Every time a block of data (sometimes called a chunk) needs to be written to the disk system, a parity block is generated within the stripe (which is the name given to a series of consecutive blocks. A block often consists of many disk sectors, sometimes as many as 256). If another block, or some portion of the same block, is written to the same stripe, the parity block is recalculated and rewritten. The disk used to store the parities is changed between one stripe and the next; in this way, the parity blocks are distributed.

It should be noted that the parity block is not read when reading data from the disk, as this would be an unnecessary overhead and would decrease performance. The parity block is read, however, when reading a sector results in a CRC error. In this case, the sector in the same relative position in the remaining data blocks of the stripe, together with the parity block, are used to reconstruct the missing block. In this way, the CRC error is hidden from the calling computer. Similarly, if a disk should fail within the system, the parity blocks of the remaining disks are mathematically combined on the fly with the remaining data blocks to reconstruct the data from the failed disk.
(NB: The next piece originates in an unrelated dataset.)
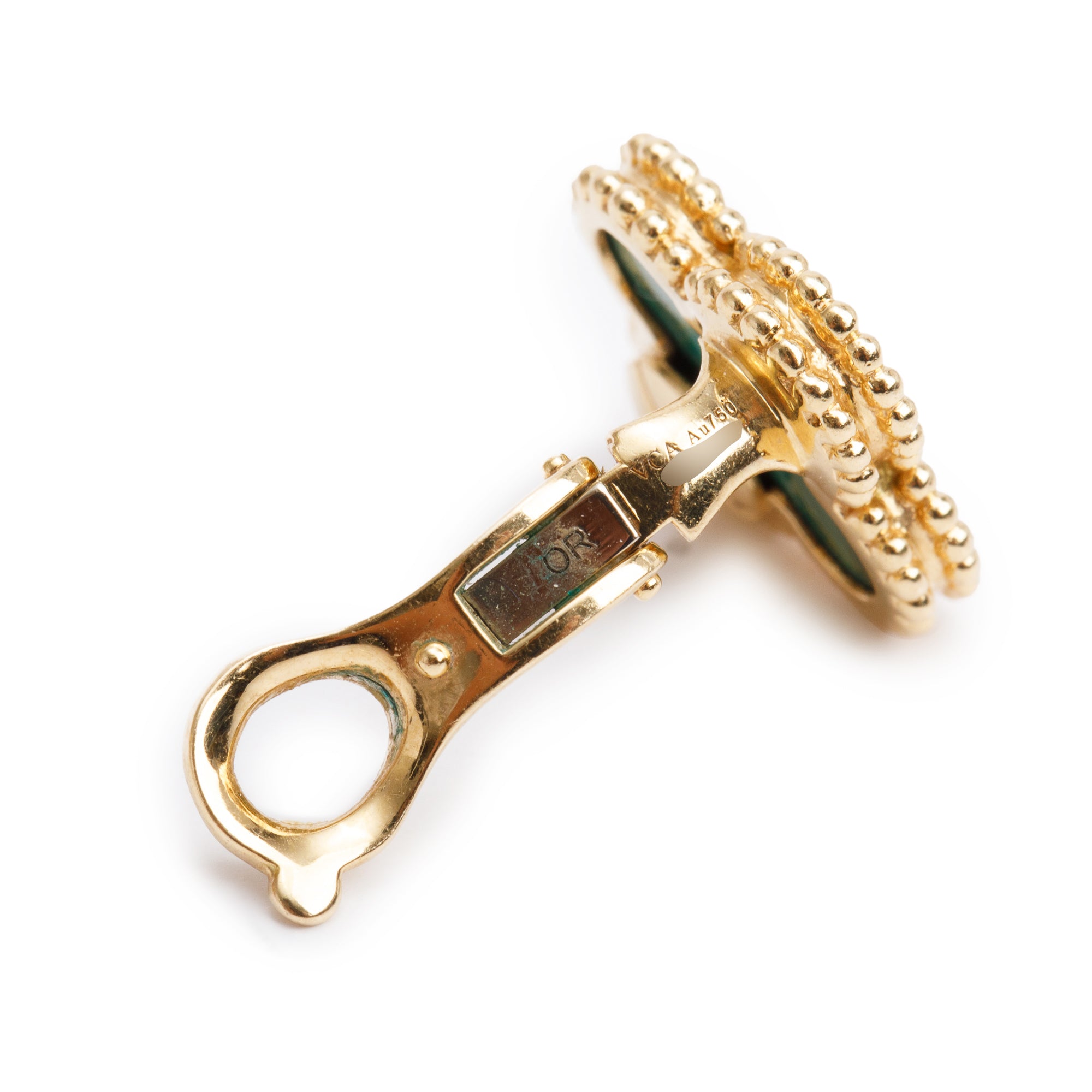 Van Cleef & Arpels 18k Yellow Gold Vintage Alhambra Malachite Stud Earrings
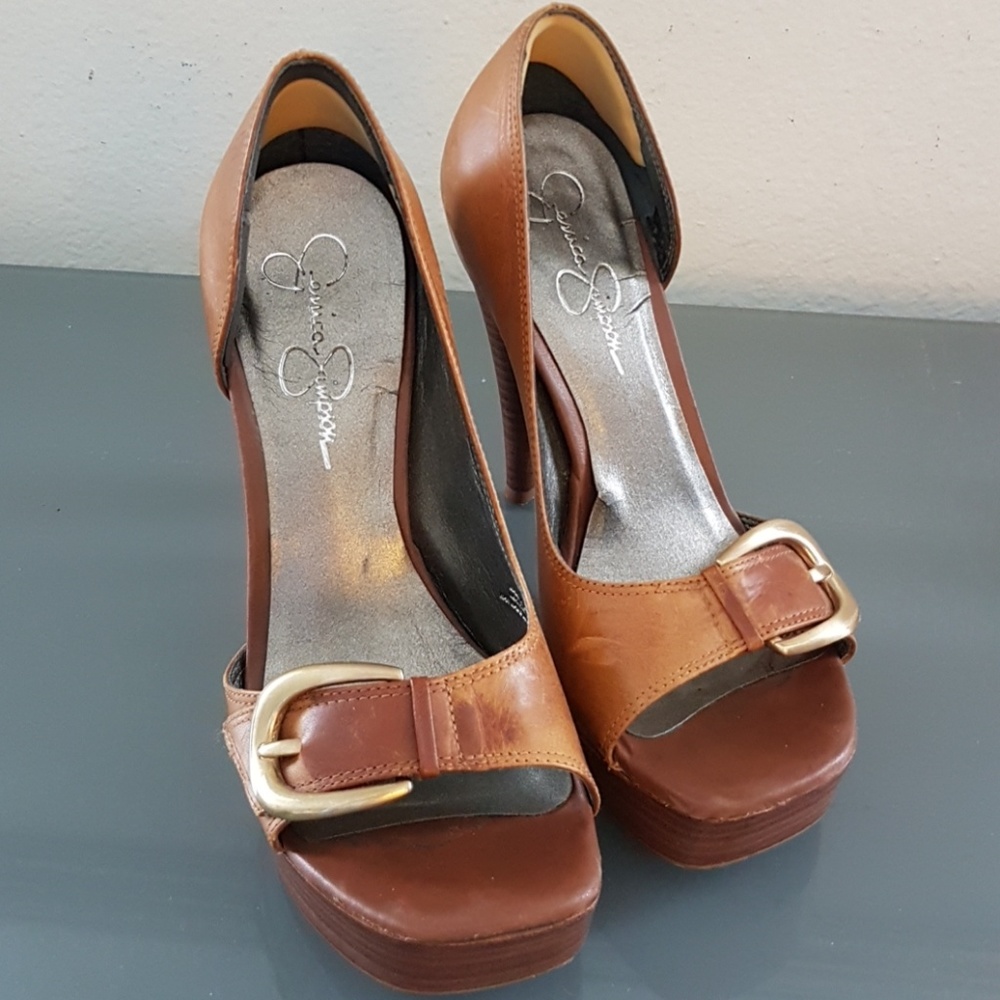 Jessica Simpson Platform High Heel Shoes Tan SZ 6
This procedure is usually called Interim Data Recovery Mode. The main computer is not aware that a disk has been damaged. Reading and writing to the disk system continues as before, albeit with some loss of performance.

In a RAID 5 system that has only one parity block per stripe, the failure of a second disk results in the loss of all data in the system.

The maximum number of disks is theoretically unlimited, but a common practice is to keep the maximum number of disks at 14 or less for implementations that have only one parity block per stripe. The reasons for this limit are that the probability of two disks in the system failing in succession increases as the number of disks increases. When the number of disks in a RAID-5 system increases, the MTBF of the system as a whole can even become less than that of a single disk. This happens when the probability of a second disk failing out of the remaining (N - 1) disks, between the time of detection, replacement and recreation of the first failed disk, becomes greater than the probability of a single disk failing.

RAID 6: block-level partitioning with distributed double parity

A RAID 6 system uses block-level striping with parity data distributed twice across all disks. It was not included among the original RAID levels.

In RAID-6, the parity block is generated and distributed between two parity stripes, on two separate disks, using different parity stripes in the two directions.

RAID-6 is more redundant than RAID-5, but it is very inefficient when used with a limited number of disks.

Proprietary RAID levels

Although all RAID implementations differ from the idealised specifications, some companies have developed completely proprietary systems that are very different from all others.

Double parity

One of the most common modifications to existing RAID levels is "double parity", also known as "diagonal parity". As in RAID 6, two different types of parity are created, but unlike RAID 6, the second type is not just an additional copy of the first. Instead, many double parity implementations calculate the additional parity on a different set of blocks. While RAID 5 and RAID 6 systems traditionally calculate parity on a standard set of blocks (A1, A2, A3, AP), double parity also uses different sets; for example, in the diagram below, RAID 5 and RAID 6 calculate parity with respect to all blocks starting with A. The double parity system, on the other hand, also uses blocks numbered with 1 to derive a different parity.

RAID 7

The RAID 7 system is a registered trademark of Storage Computer Corporation. It adds a caching system to RAID-3 or RAID-4 to increase performance.